* _Records from a data collection_:
=== Section Start ===
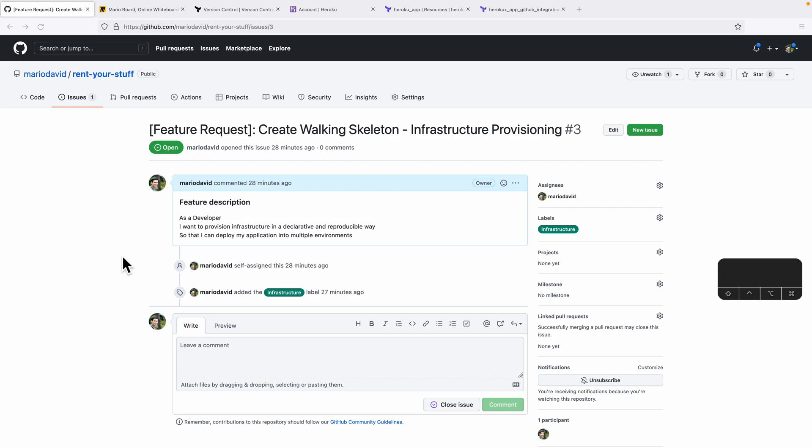In this video we are going to talk about the second part of our working skeleton in order to set up our application, and this is infrastructure provisioning. The feature would be: as a developer, I want to provision infrastructure in a declarative and reproducible way so that I can deploy my application into multiple environments. This is groundwork we'd like to do before we start feature development.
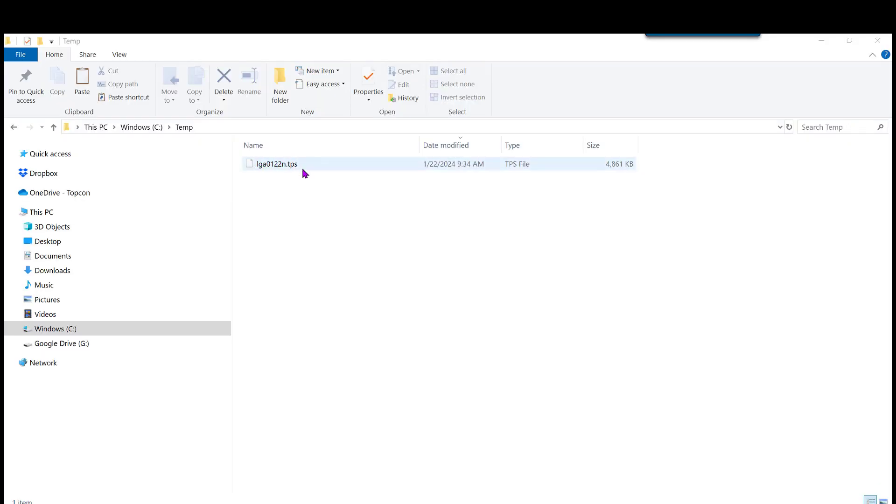So here is the raw data file that was collected, and the end user tried to submit this to Opus, and it was rejected.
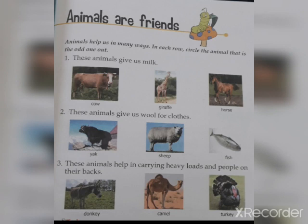The options are yak, sheep, and fish. Yak gives us wool, sheep also gives us wool, and the odd one out is fish. Our third question is: these animals help in carrying heavy loads and people on their backs. Donkey and camel carry heavy loads, so the odd one out is turkey. We have to circle turkey.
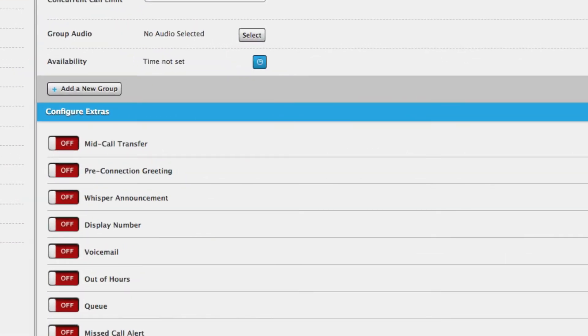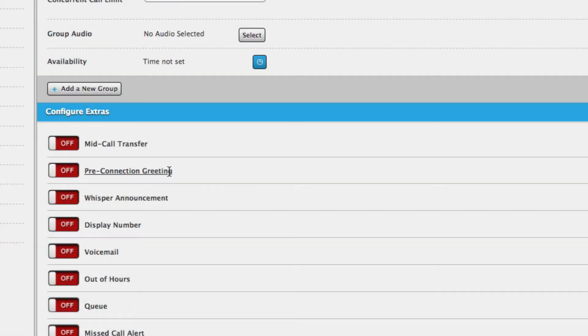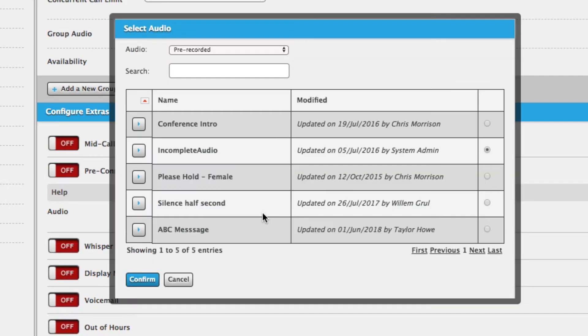Pre-Connection greeting. This feature allows you to select an audio file to be played to the caller upon connection. Once turned on, you can select audio and choose from the following options.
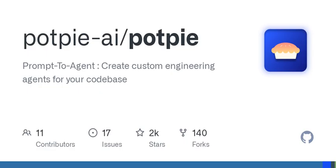And speaking of sidekicks, there's the codebase Q&A agent. This one is like having a knowledgeable friend who you can ask anything about your code — functions, features, architecture, you name it. Have you ever felt lost trying to juggle multiple libraries? This agent can pull it all together for you. There's also an integration test agent that generates test plans to ensure your components are playing nicely together, plus a unit test agent that creates unit test plans for individual functions.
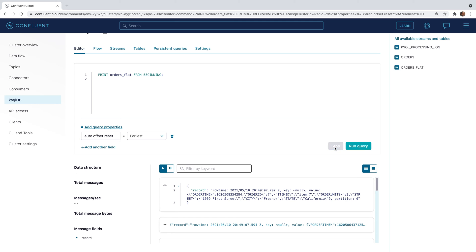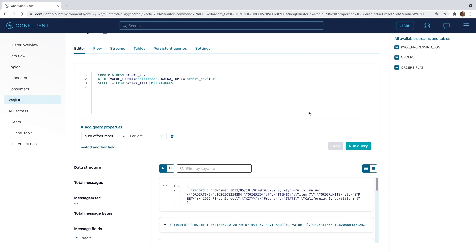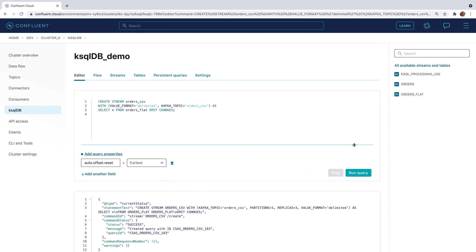Go ahead and enter a create stream statement with the value format specified to delimited. This will help clean up that JSON structure we saw earlier. Run the query.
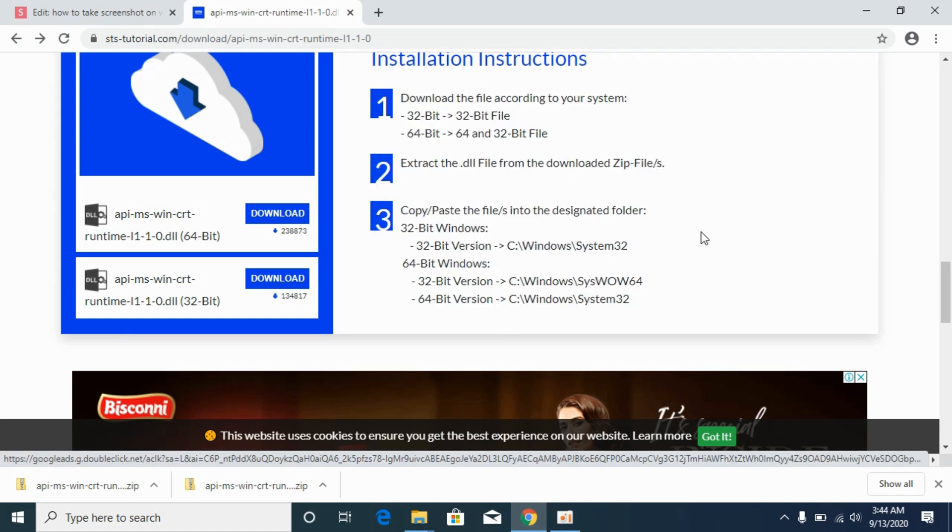Now for 64-bit simply restart your PC and your problem will be solved. Hope it has helped you in solving the DLL issue on Windows 10, 7 or 8. But before you go please like, subscribe and share. Thank you.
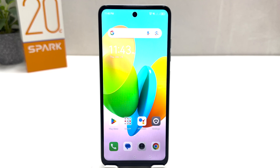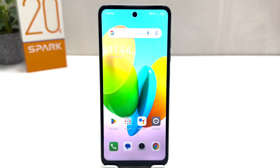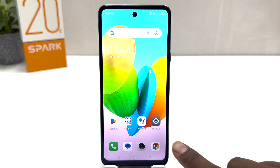You might have recently bought this Tecno Spark 20C and you are wondering how to turn on a smart panel. In order to do that, it's really very easy and simple. You need to click on the Settings section in your Tecno Spark 20C.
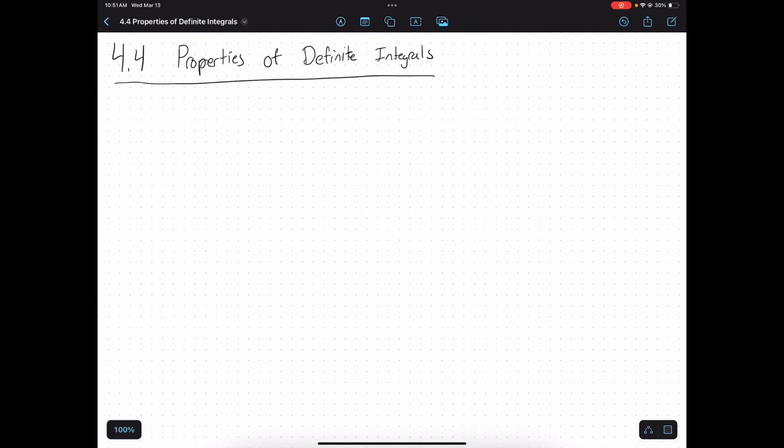In today's video, we're going to be going through some properties of definite integrals. If you remember, in 4.1, we talked a lot about antiderivatives and went through some properties of antiderivatives. Those represent the properties of indefinite integrals, because an indefinite integral is just finding the antiderivative. But what about definite integrals?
=== Section End ===
* _Assignment_: All of the entries above are to be written out exactly, with no pictures.

* _Result of this task_:
In this video we are going to talk about the second part of our working skeleton in order to set up our application, and this is infrastructure provisioning. The feature would be: as a developer, I want to provision infrastructure in a declarative and reproducible way so that I can deploy my application into multiple environments. This is groundwork we'd like to do before we start feature development.
So here is the raw data file that was collected, and the end user tried to submit this to Opus, and it was rejected.
The options are yak, sheep, and fish. Yak gives us wool, sheep also gives us wool, and the odd one out is fish. Our third question is: these animals help in carrying heavy loads and people on their backs. Donkey and camel carry heavy loads, so the odd one out is turkey. We have to circle turkey.
Pre-Connection greeting. This feature allows you to select an audio file to be played to the caller upon connection. Once turned on, you can select audio and choose from the following options.
And speaking of sidekicks, there's the codebase Q&A agent. This one is like having a knowledgeable friend who you can ask anything about your code — functions, features, architecture, you name it. Have you ever felt lost trying to juggle multiple libraries? This agent can pull it all together for you. There's also an integration test agent that generates test plans to ensure your components are playing nicely together, plus a unit test agent that creates unit test plans for individual functions.
Go ahead and enter a create stream statement with the value format specified to delimited. This will help clean up that JSON structure we saw earlier. Run the query.
Now for 64-bit simply restart your PC and your problem will be solved. Hope it has helped you in solving the DLL issue on Windows 10, 7 or 8. But before you go please like, subscribe and share. Thank you.
You might have recently bought this Tecno Spark 20C and you are wondering how to turn on a smart panel. In order to do that, it's really very easy and simple. You need to click on the Settings section in your Tecno Spark 20C.
In today's video, we're going to be going through some properties of definite integrals. If you remember, in 4.1, we talked a lot about antiderivatives and went through some properties of antiderivatives. Those represent the properties of indefinite integrals, because an indefinite integral is just finding the antiderivative. But what about definite integrals?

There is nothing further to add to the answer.